Jan de Koning gives a better reflection on the issue of transformation than certain other media sites…..
The pressure may be on Heyneke Meyer to select more ‘black African’ players, but transformation is not the Springbok coach’s responsibility.
The dreaded ‘T-word’ – which has been voiced unstintingly by politicians in recent months – received more airtime on Monday when South African Rugby Union President Regan Hoskins made it clear he wants to see more non-white faces in the national team.
Hoskins said he personally spoke to the Bok coach, Meyer, and said players like Teboho Mohoje, Sibusiso Sithole, Lwazi Mvovo, Siya Kolisi and Trevor Nyakane must get opportunities sooner rather than later.
The SARU boss said he was referring specifically to ‘black Africans’, when he suggested some changes could be made ahead of SA’s one-off Test against Scotland in Port Elizabeth this coming Saturday.
SARU Chief Executive Jurie Roux confirmed that Hoskins had spoken to the Bok coach about the vexed issue of more black players in the national team, but added that it is not up to the Bok coach to bring these players through the ranks.
He suggested transformation is a much bigger issue than just how many non-white (or black Africans) play for the Boks.
“It [transformation] is wider rugby’s job – from age group level, Cup, Currie Cup and Super Rugby level upwards to provide the volume of talented players – black African, coloured and white – from which our national coaches can pick what we hope will be world-beating teams,” Roux told rugby365.
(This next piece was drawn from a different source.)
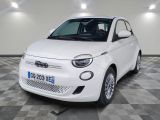 une photo d'une Smart blanche garée dans un garage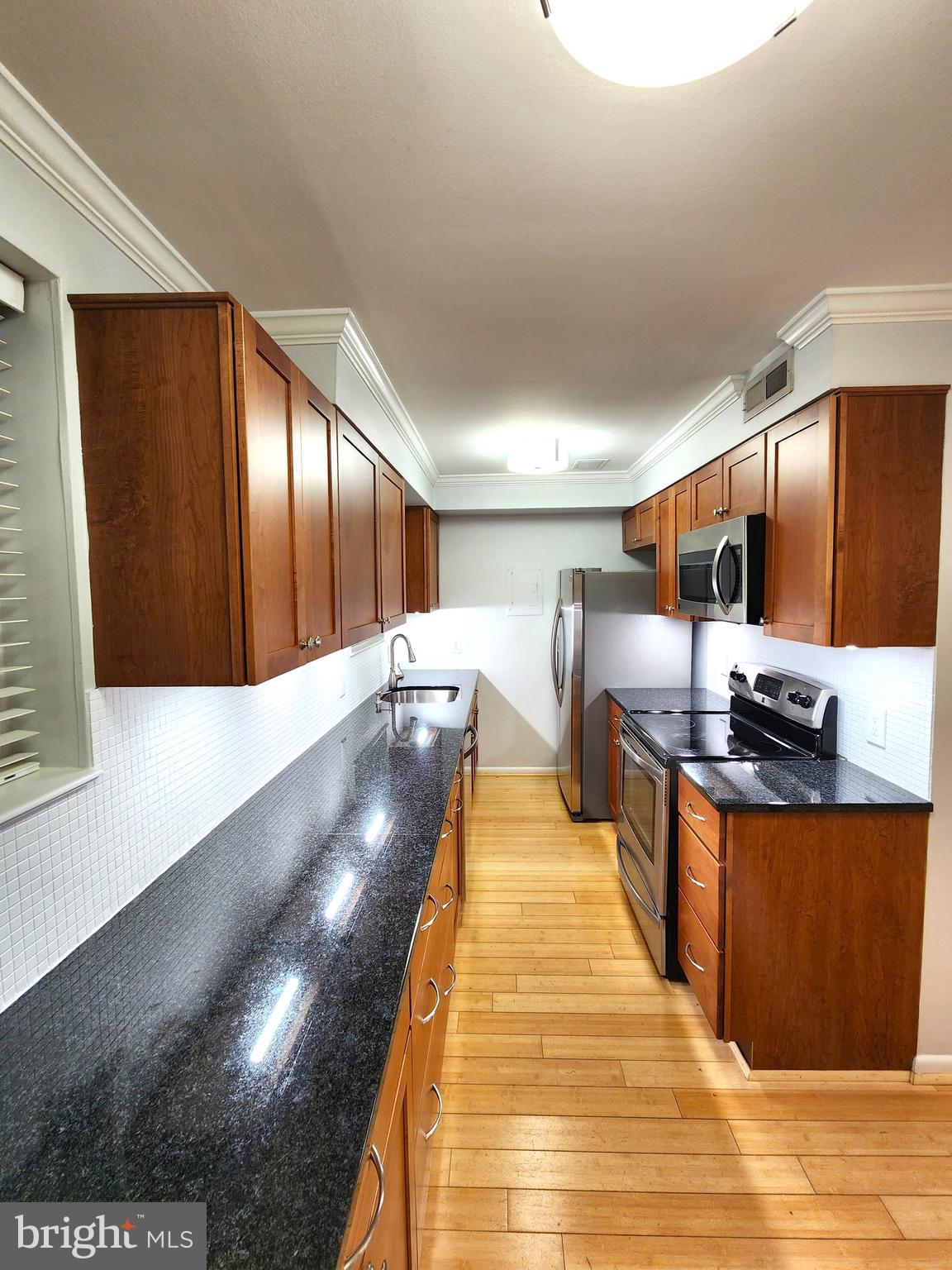 4635 28th Road South, Unit A Arlington, VA 22206 - Photo 6 of 23 Stainless steel appliances.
Roux added that all SARU’s national coaches are aware of the need to be sensitive to transformation, as they sit most in the public eye.
“There has not been a SARU president who has not discussed the issue of transformation with the national coach,” the CEO said.
“The topic is at the top of our agenda and we do not shy away from that.
“But what became evident from the work of the Eminent Persons’ Group is that although significant progress has been made in terms of transformation, the development of black African sports stars in sports such as ours – as well as others – had lagged.”
Hoskins’ discussion with Meyer came in the wake of the revelation that the South African Sports Confederation and Olympic Committee came out and praised SARU for its effort in transformation, contrary to the popular perception that the union has no transformation plans.
SASCOC CEO Tubby Reddy last week said he was pleased with the steps taken by SARU thus far.
Hoskins admitted that there is “pressure from above” to give black players more opportunities at national level.